Every record should be restated exactly, with no images included.

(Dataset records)
────

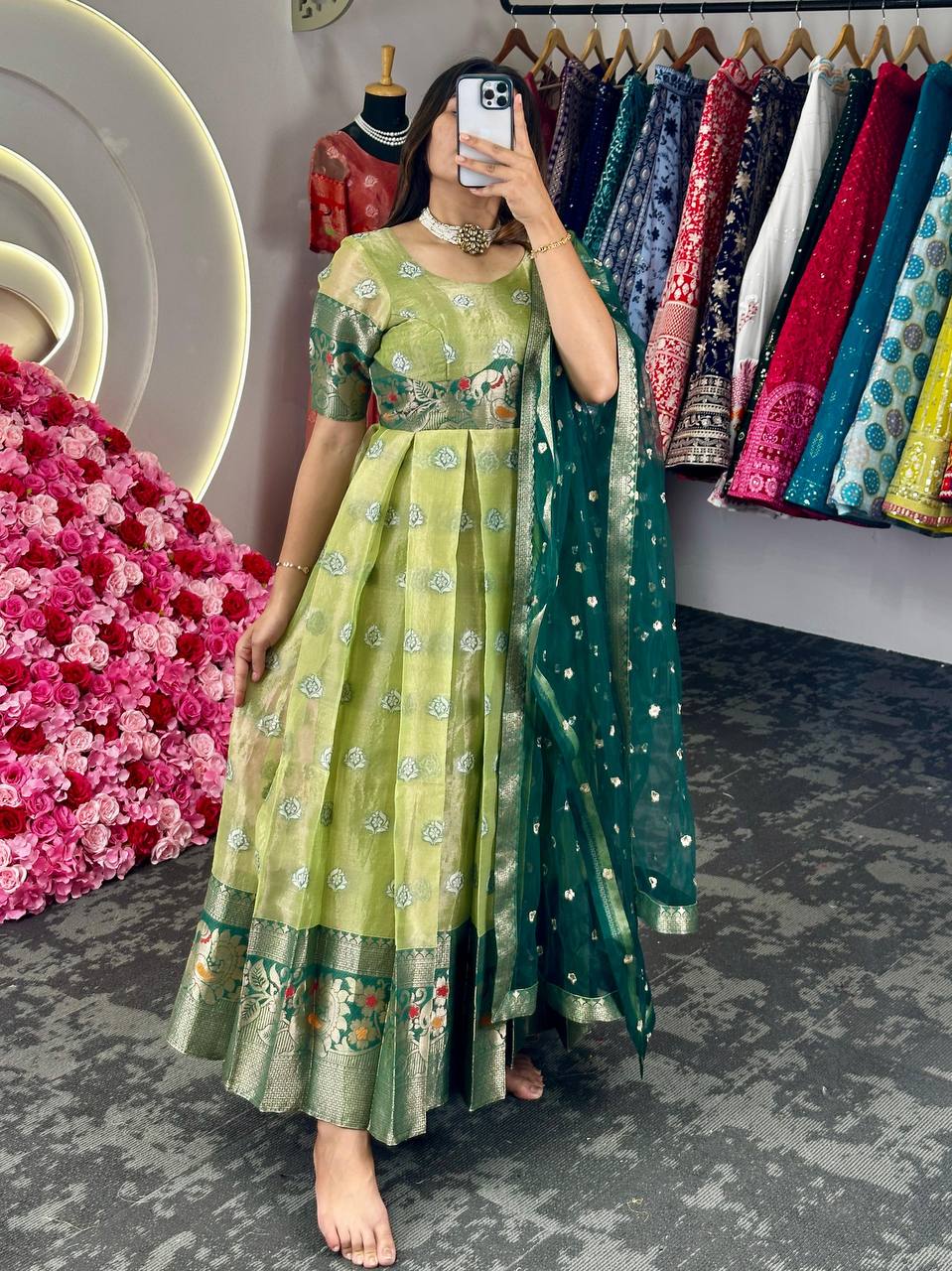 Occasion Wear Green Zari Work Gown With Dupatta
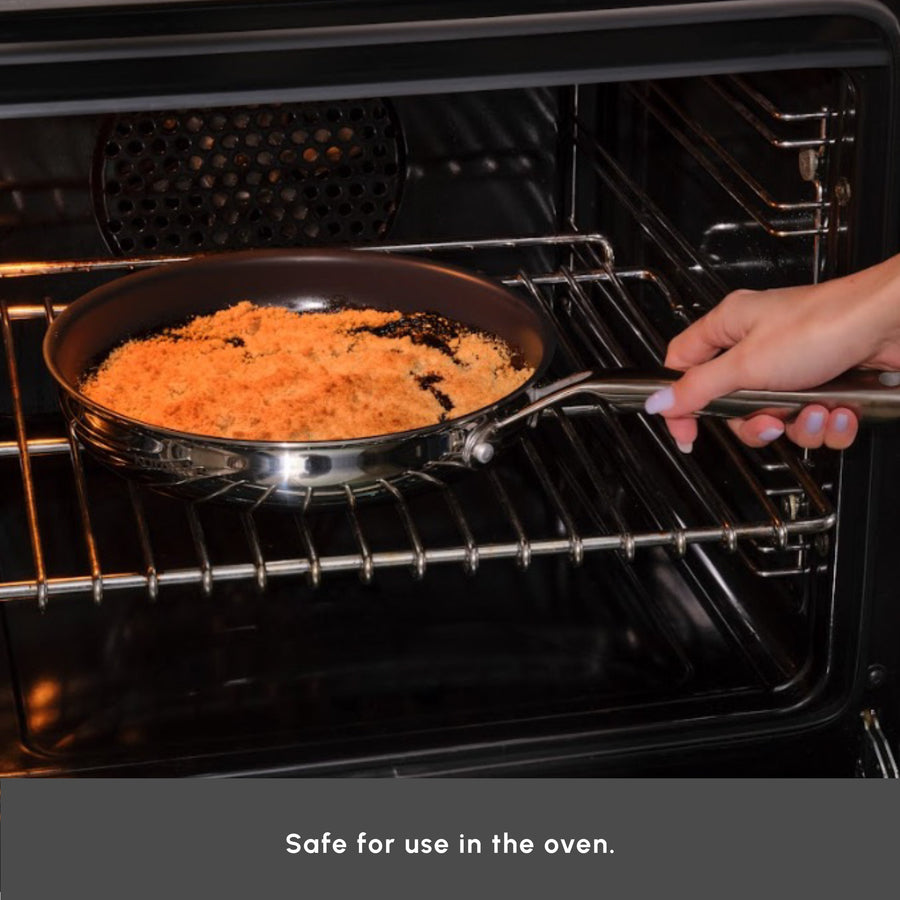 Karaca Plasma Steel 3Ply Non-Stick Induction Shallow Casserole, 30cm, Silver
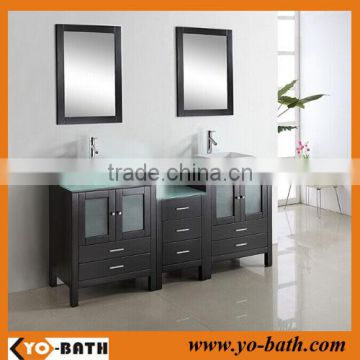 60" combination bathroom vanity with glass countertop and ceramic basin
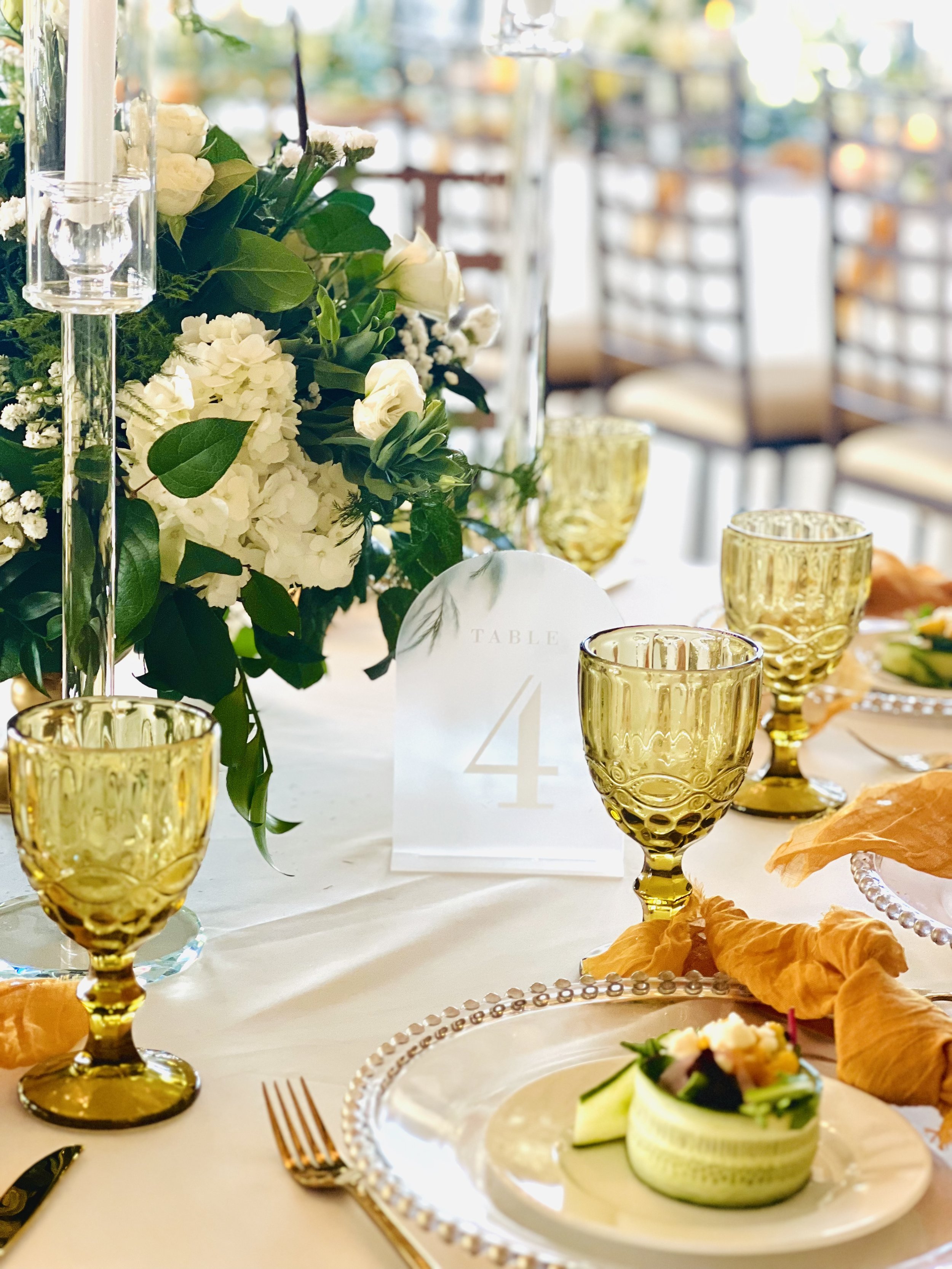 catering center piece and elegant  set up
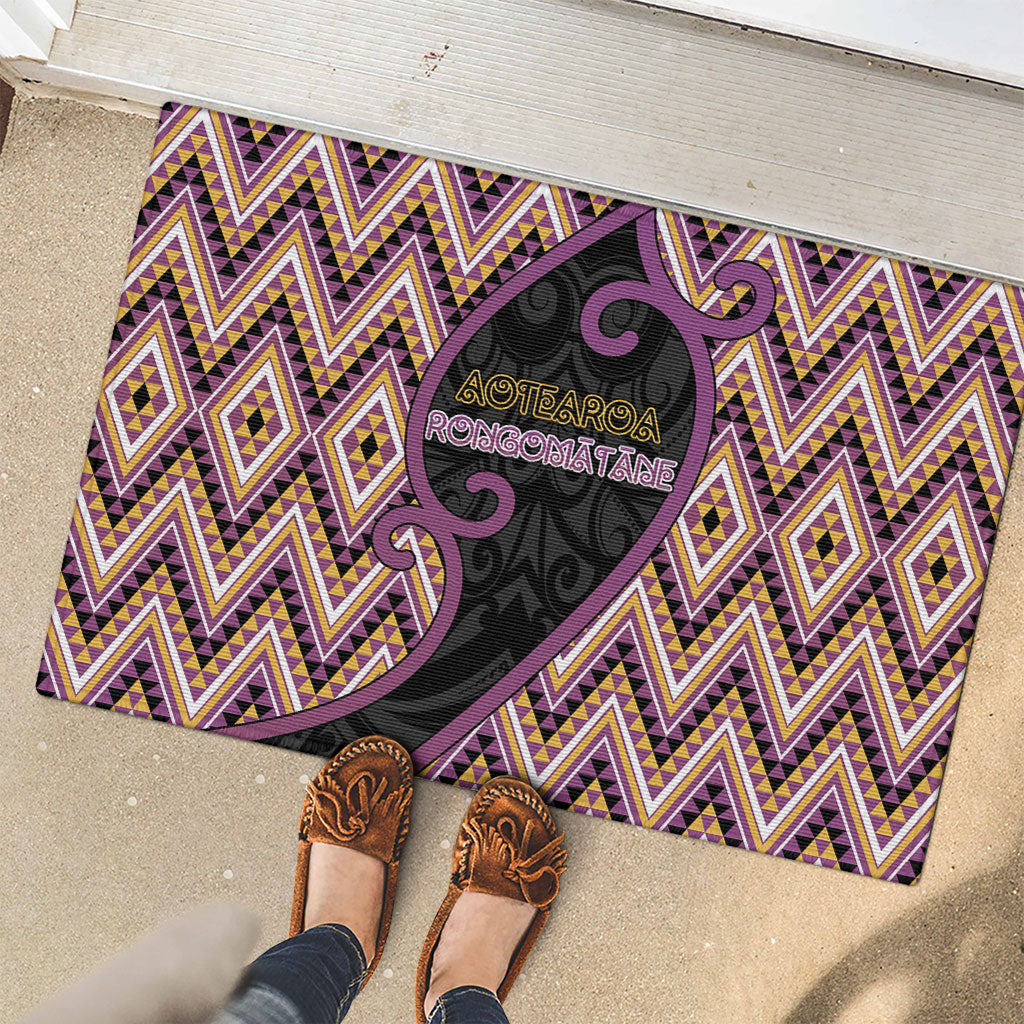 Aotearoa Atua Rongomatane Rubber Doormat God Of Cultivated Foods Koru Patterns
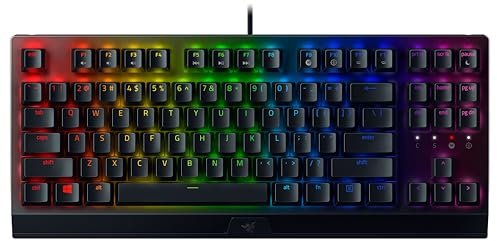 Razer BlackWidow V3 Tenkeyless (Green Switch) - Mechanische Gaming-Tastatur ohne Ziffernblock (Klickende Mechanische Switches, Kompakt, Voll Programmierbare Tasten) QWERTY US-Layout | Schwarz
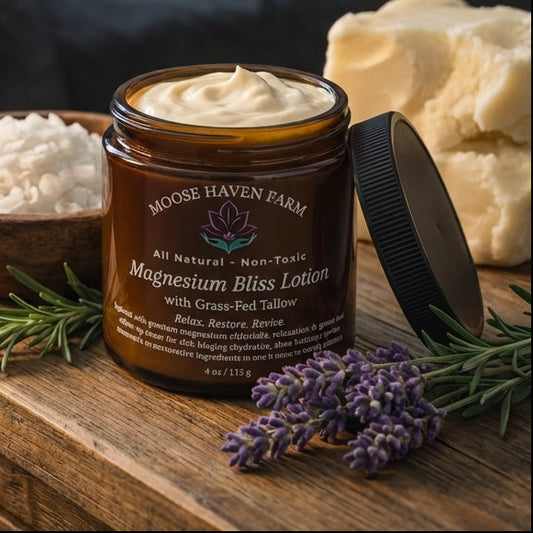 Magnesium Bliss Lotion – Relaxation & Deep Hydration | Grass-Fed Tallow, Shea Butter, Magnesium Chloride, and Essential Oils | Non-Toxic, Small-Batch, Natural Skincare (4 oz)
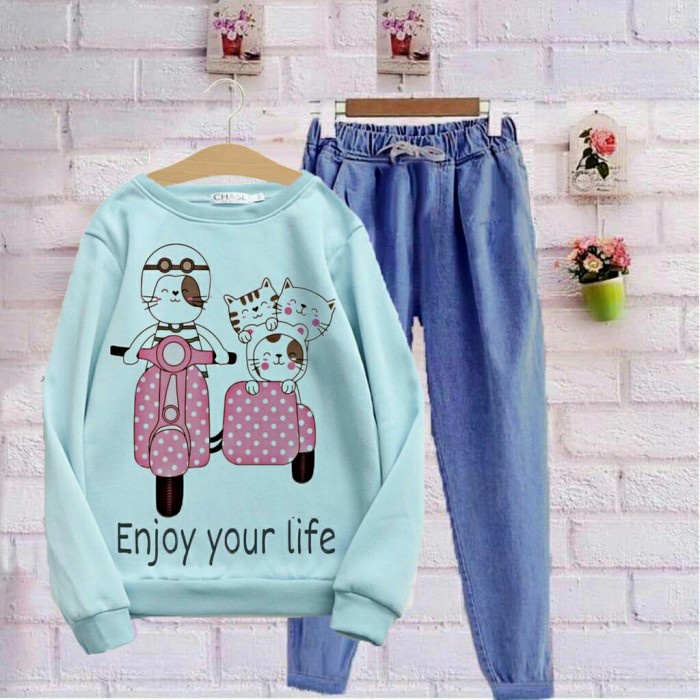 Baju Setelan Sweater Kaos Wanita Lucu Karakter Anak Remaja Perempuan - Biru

────

- [SOLUTION TO THIS PROBLEM]
 Occasion Wear Green Zari Work Gown With Dupatta
 Karaca Plasma Steel 3Ply Non-Stick Induction Shallow Casserole, 30cm, Silver
 60" combination bathroom vanity with glass countertop and ceramic basin
 catering center piece and elegant  set up
 Aotearoa Atua Rongomatane Rubber Doormat God Of Cultivated Foods Koru Patterns
 Razer BlackWidow V3 Tenkeyless (Green Switch) - Mechanische Gaming-Tastatur ohne Ziffernblock (Klickende Mechanische Switches, Kompakt, Voll Programmierbare Tasten) QWERTY US-Layout | Schwarz
 Magnesium Bliss Lotion – Relaxation & Deep Hydration | Grass-Fed Tallow, Shea Butter, Magnesium Chloride, and Essential Oils | Non-Toxic, Small-Batch, Natural Skincare (4 oz)
 Baju Setelan Sweater Kaos Wanita Lucu Karakter Anak Remaja Perempuan - Biru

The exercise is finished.